- _Instructions to follow_
Given the records underneath, please repeat exactly the lines from the line with "2PCS Digital Printed" through the line with "Karl Lagerfeld IML", passing over any picture.

- _Data_
************
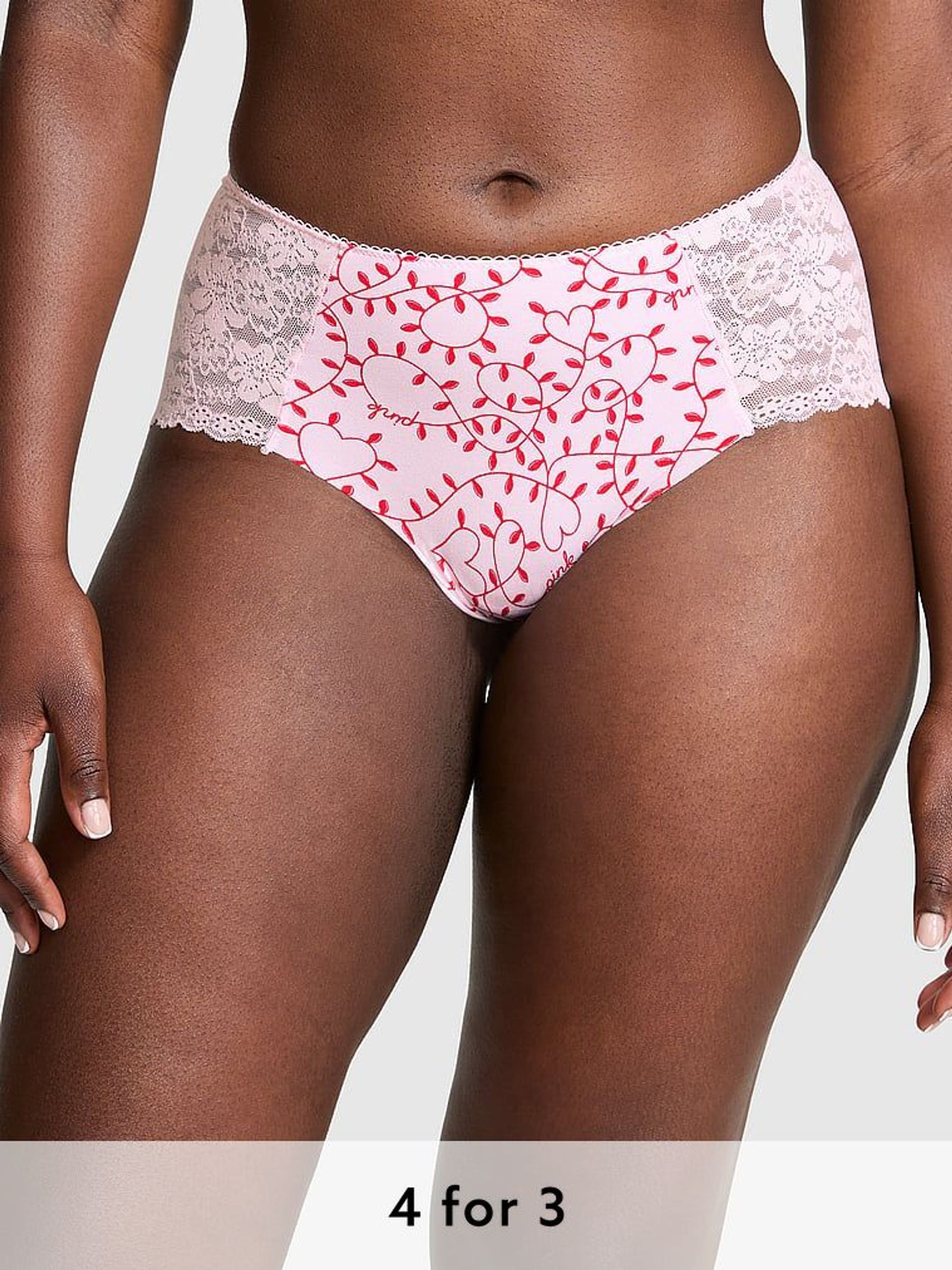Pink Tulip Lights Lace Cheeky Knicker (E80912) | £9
************
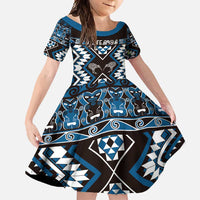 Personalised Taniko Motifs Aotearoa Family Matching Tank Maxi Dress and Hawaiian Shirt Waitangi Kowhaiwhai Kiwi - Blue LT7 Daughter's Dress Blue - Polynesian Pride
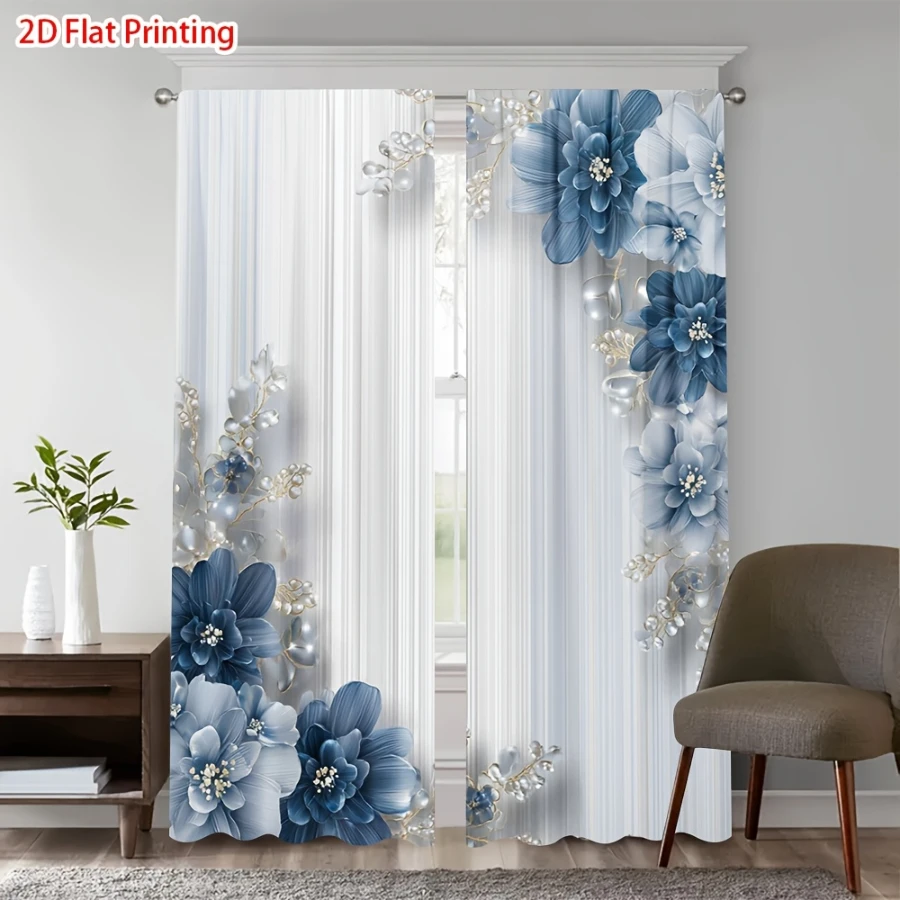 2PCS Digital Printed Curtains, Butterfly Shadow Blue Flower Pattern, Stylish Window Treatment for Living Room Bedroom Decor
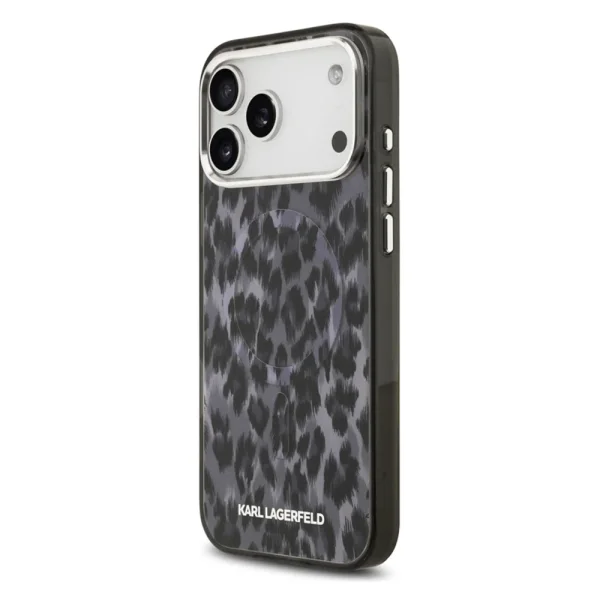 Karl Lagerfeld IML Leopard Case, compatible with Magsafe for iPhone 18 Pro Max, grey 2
************
- _Problem solution_
 2PCS Digital Printed Curtains, Butterfly Shadow Blue Flower Pattern, Stylish Window Treatment for Living Room Bedroom Decor
 Karl Lagerfeld IML Leopard Case, compatible with Magsafe for iPhone 18 Pro Max, grey 2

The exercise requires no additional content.